• _Data below_:
◇ ◇ ◇ ◇

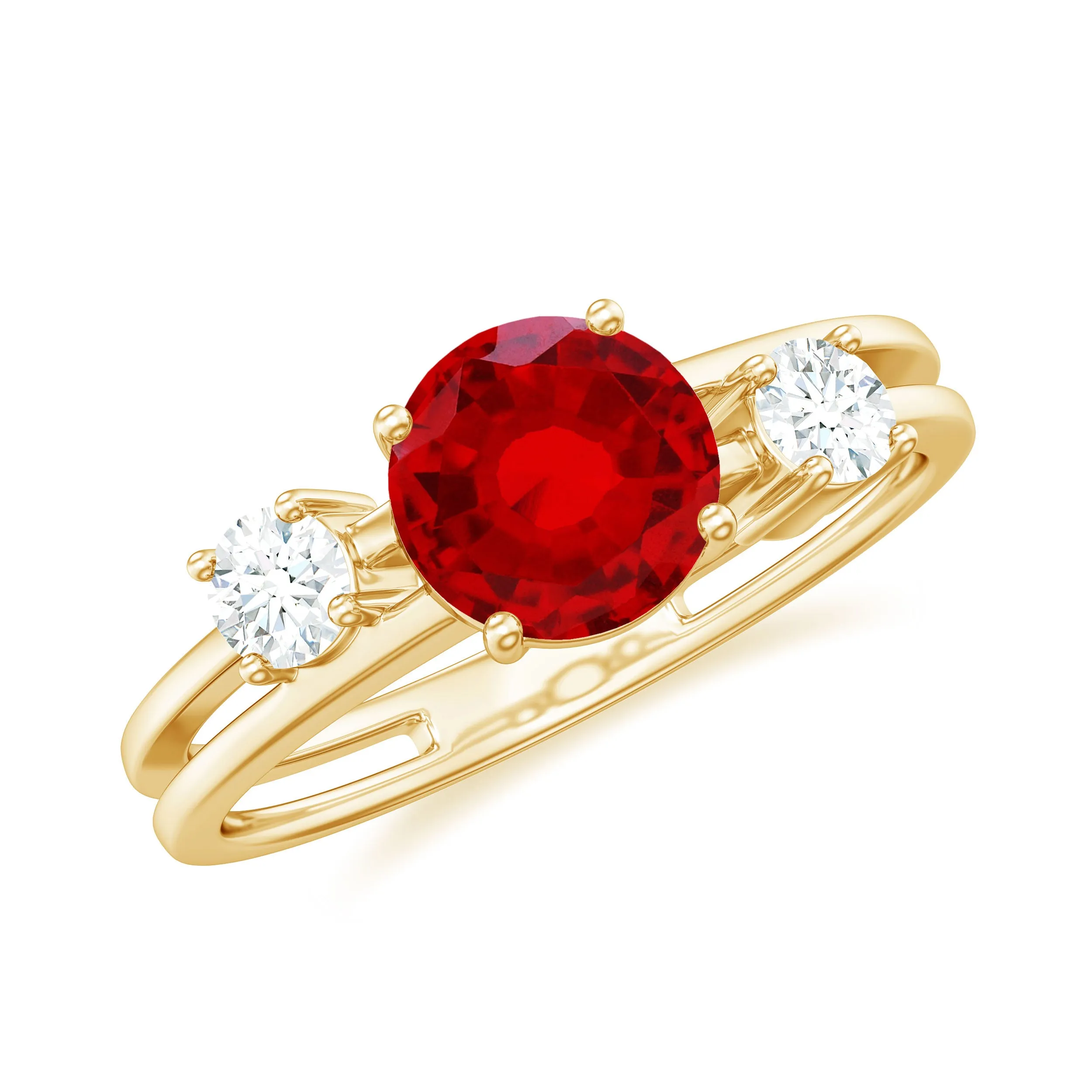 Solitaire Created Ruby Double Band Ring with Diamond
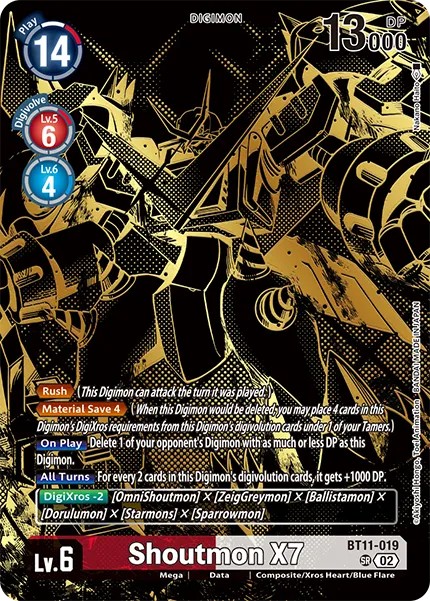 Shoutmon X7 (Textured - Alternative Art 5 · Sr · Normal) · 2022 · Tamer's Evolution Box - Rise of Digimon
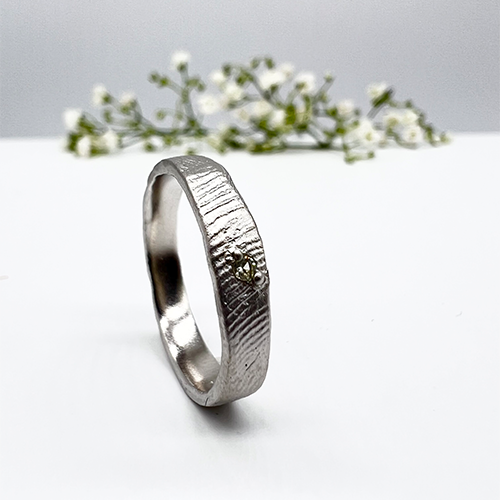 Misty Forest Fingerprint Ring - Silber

◇ ◇ ◇ ◇

• _What you need to do_:
Restate every line above word for word. Do not carry over the images.

• _Solution for this problem_:
 Solitaire Created Ruby Double Band Ring with Diamond
 Shoutmon X7 (Textured - Alternative Art 5 · Sr · Normal) · 2022 · Tamer's Evolution Box - Rise of Digimon
 Misty Forest Fingerprint Ring - Silber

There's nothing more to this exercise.